Gretchen Wambach '21 is a Geology and Business in the Liberal Arts major. She is interested in Geographic Information Systems(GIS) and environmental geology, as well as renewable resources and environmental economics. This project served as an introduction to some of the uses and implications of GIS.
Gretchen's summer work will be used as part of her senior honors thesis, where she will discuss the further implications of this project's findings in the geologic world.
ArcGIS online (AGOL) has a variety of basemaps to use for remote visualization and analysis. With
numerous basemap options, choosing the best for data collection is fundamental. Different types of
basemaps may affect how we perceive three-dimensional objects (Phillips et al., 1975); thereby, affecting the precision of data collected. This project focused on the length and azimuth data of 60 drumlins in Western, NY from four different, AGOL-provided basemaps: a) USA Topographic, b) default hillshade, c)
Terrain, and d) USGS Topographic. In addition, we generated two parallel-to-strike and two
perpendicular-to-strike hillshades (n=4) to evaluate shading effect on data collection. Data extracted from
line drawings (n=480) was used to calculate the mean length (1,662m, ±529) and azimuth (171°, ±0.3).

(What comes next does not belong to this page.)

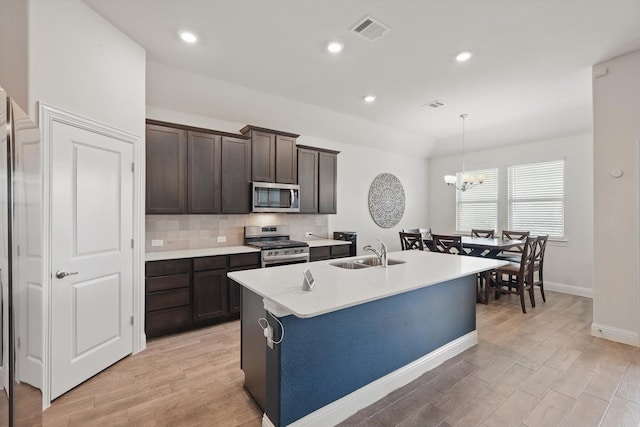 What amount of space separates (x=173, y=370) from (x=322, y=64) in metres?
3.35

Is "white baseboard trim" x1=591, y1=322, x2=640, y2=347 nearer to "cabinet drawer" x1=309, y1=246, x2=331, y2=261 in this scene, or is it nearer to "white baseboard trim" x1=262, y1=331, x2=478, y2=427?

Testing these data for uniformity across basemaps determined if any basemap is less reliable for data
collection. Two sample t-tests and linear regression tests were used for comparison. The results showed
no significant differences between the length or azimuth data from different basemaps, but the Terrain
map showed the lowest statistic values, particularly versus the hillshade from a direction of 351° (t(59) =
1.84, p = .007, R2 = 0.4116). At 351o, illumination is parallel to the long axis of the drumlin, hits the non-tapered
end and causes the tapered tail to visually disappear into the shadow. When using a hillshade map
to analyze asymmetric landforms, a poorly selected direction of shading may be less accurate for analysis
due to the visual loss of part of the landform. Seeing the entire landform outline is critical for
measurement data. The USA Topographic map, which has defined outlines of landforms, was best for
data collection and had the least number of differences versus the USGS Topographic map (t(59) = -0.01,
p = .992, R2 = 0.9412). While there are benefits to using hillshade maps to visualize topographic relief,
the more traditional USA/USGS Topographic map is better for measurements of length and orientation
due to the more established outline of landforms and less visual variability. USA/USGS Topographic
maps have historically been, and continue to be, the standard, reliable basemap for many fields, and,
shown by the results of this project, may be the best option for remote measurement and analysis.